契約した当初、すぐに不安定になっていた
しかしセバスの食指が動くような魂になったにも関わらず、当の本人はやや迷いの見える眼をしていた。
その身を喰らったこともあり、後に残るはその魂のみ。本来ならば極上の魂を一息に喰らいつくし、その身が消滅した暁には再度自身の世界へと帰る予定だったが、セバスはどうしてもそうしたいと思えなかった。
ターゲットを憎む強い眼差し、凛とした後ろ姿、うって変わりターゲットを始末した後の弱々しく震える肩、静かに零れ落ちる涙、それらがセバスの気持ちを、蕾から花へと変えてしまっていた。
「この気持ちは一体なんなのでしょうね。まさか、悪魔である私にこのような気持ちが芽生えるなんて思ってもいませんでした」
セバスの声は闇の中へと溶け込んでいく。その顔は憂いに満ちていた。
「魂を喰らいその身を消滅させてしまうのを、惜しいと感じるなんて」
「嗚呼、なんと愚かしいことか…この私が、人間と同じ気持ちを抱くなんて。ですが、愚かでも事実」
セバスはようやく自身の気持ちを受け入れ始めていた。自身の胸に一輪の花が咲いてしまった、という事実を。

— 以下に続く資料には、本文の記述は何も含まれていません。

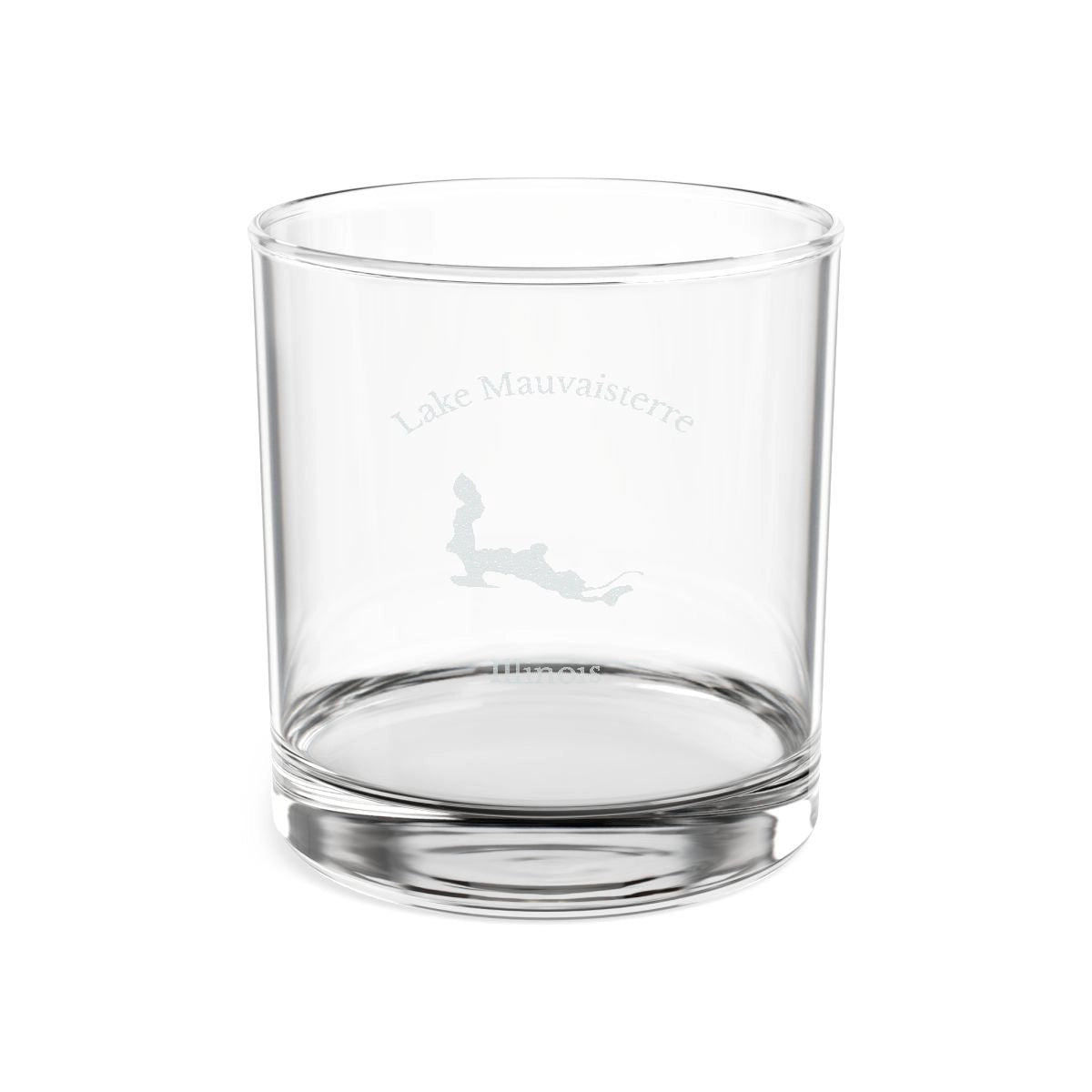 Illinois  Lake  Mauvaisterre  Engraved  Whiskey  Glass  other  position  view  from  front  10.5oz.webp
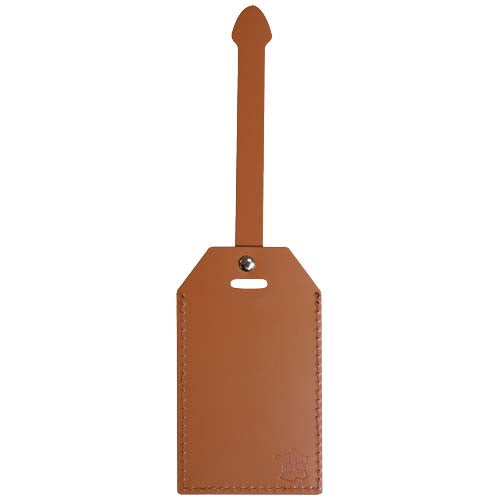 Etiqueta para equipaje de piel reciclada "Citizen Green Milou" - 1PZ03171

「生きるべきか、死ぬべきか…いえ、それを言うならば。生かすべきか死なすべきか、それが問題ですね」
自身の悩みをシェイクスピアの悲劇に例える黒い男の前に、赤い紅い死神が久方ぶりに舞い降りてきた。
「アーラ、セバスちゃん。久しぶりじゃない」
「お久しぶりついでに今すぐ死神界にお帰りいただくか、東京湾の藻屑となってください」
「相変わらずクールなところが堪んないワ!それはともかくとして、今度はこんな辺鄙な島国なんかで首輪付きやってるワケェ?」
「あなたも相変わらず気持ち悪いですね。えぇ、そうですよ。今回の主は女性ですから、横取りしないでくださいね」
「気持ち悪いなんて言わないでヨ!横取りだなんて失礼しちゃうワ。というか、アタシ仮にも死神なんだから、魂狩るとしたら仕事ヨ仕事!そう…その仕事の話で来たの。アンタのご主人様、斎藤澪美って言ったっけ?」
赤い死神、グレル・サトクリフとセバスが顔を合わせるのは、実に数百年ぶりのことだった。相も変わらず自分とは真逆の目に痛い赤を着こなす死神。そのグレルが澪美の名を口にしたことで、話の予想がついたセバスは顔色をサッと変えていた。

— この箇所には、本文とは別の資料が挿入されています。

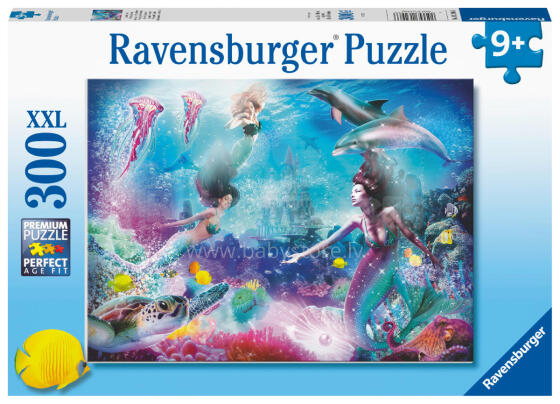 Ravensburger dėlionė 300 vnt. Undinėlės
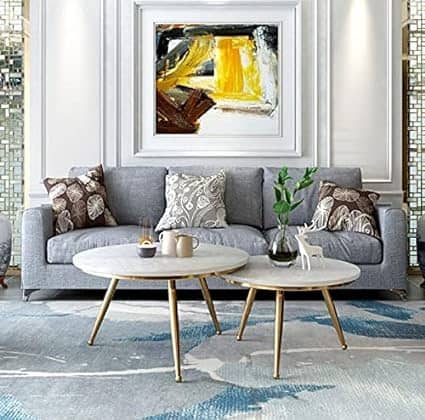 Sapa Nesting Tables in PVD gold finish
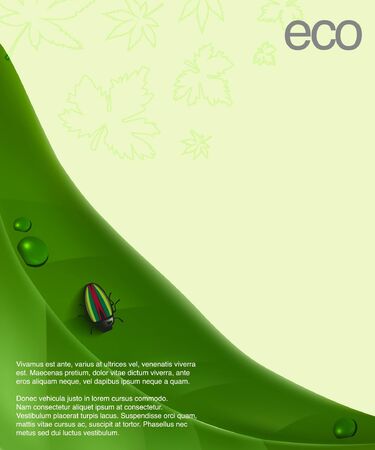 vector drawing sheet with a drop of eco themeのイラスト素材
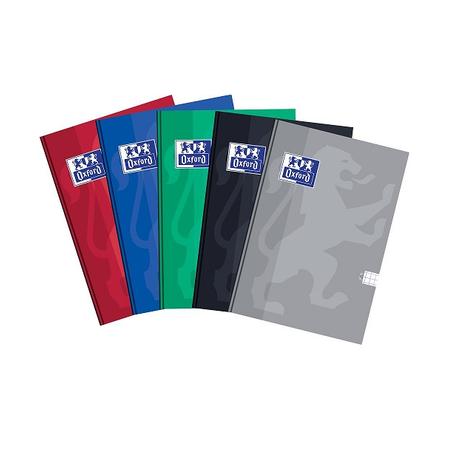 Brulion A5 96k kratka - OXFORD ESSE z marginesem mix okładek NEW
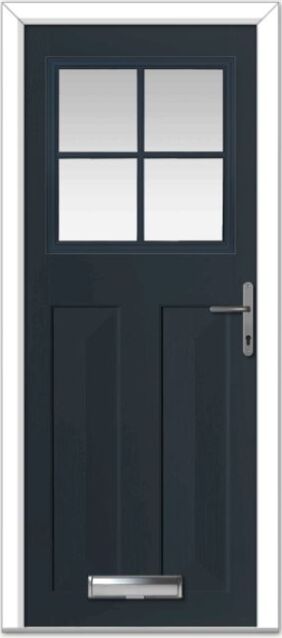 Anthracite Grey Eaton Grid Composite Door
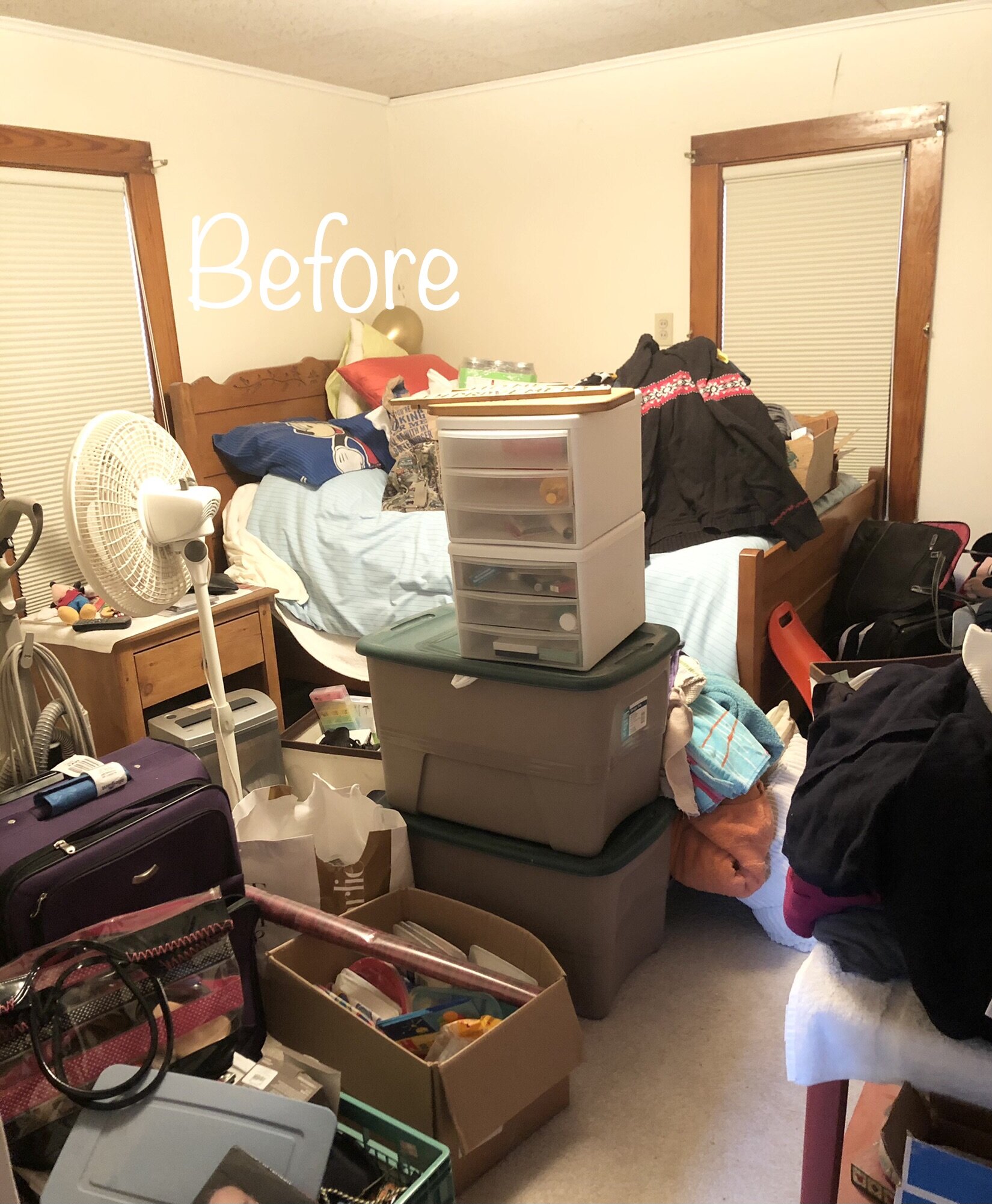 Bedroom Disorganized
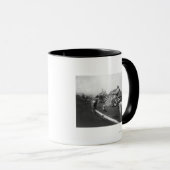 Man Riding Zebra — Afsluitingsfoto Mok (Voorkant rechts)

「!澪美が、死亡者予定リストに載っているのですか?」
「ソウネ。詳しくは教えられないけど、ここアタシの担当区外だし、昔のよしみでそれくらいは教えてアゲル。澪美って女、近いうちに殺されるワヨ」
ニヤニヤとした笑みから一転、真面目な顔つきでそれだけを告げるグレル。数百年前よりかは大人になっているのかセバスへの興味が薄れているのか、本題へと入るのが早くなっていた。
「澪美が殺される?それはいつの予定なんですか」
「そこまでは教えらんないワヨ!アタシの首が飛んじゃうじゃナ〜亻!」
「それもそうですね。情報ありがとうございます。それでは」
グレルによりもたらされた澪美の情報。それを握り潰すかのように、セバスは拳に力を込めた。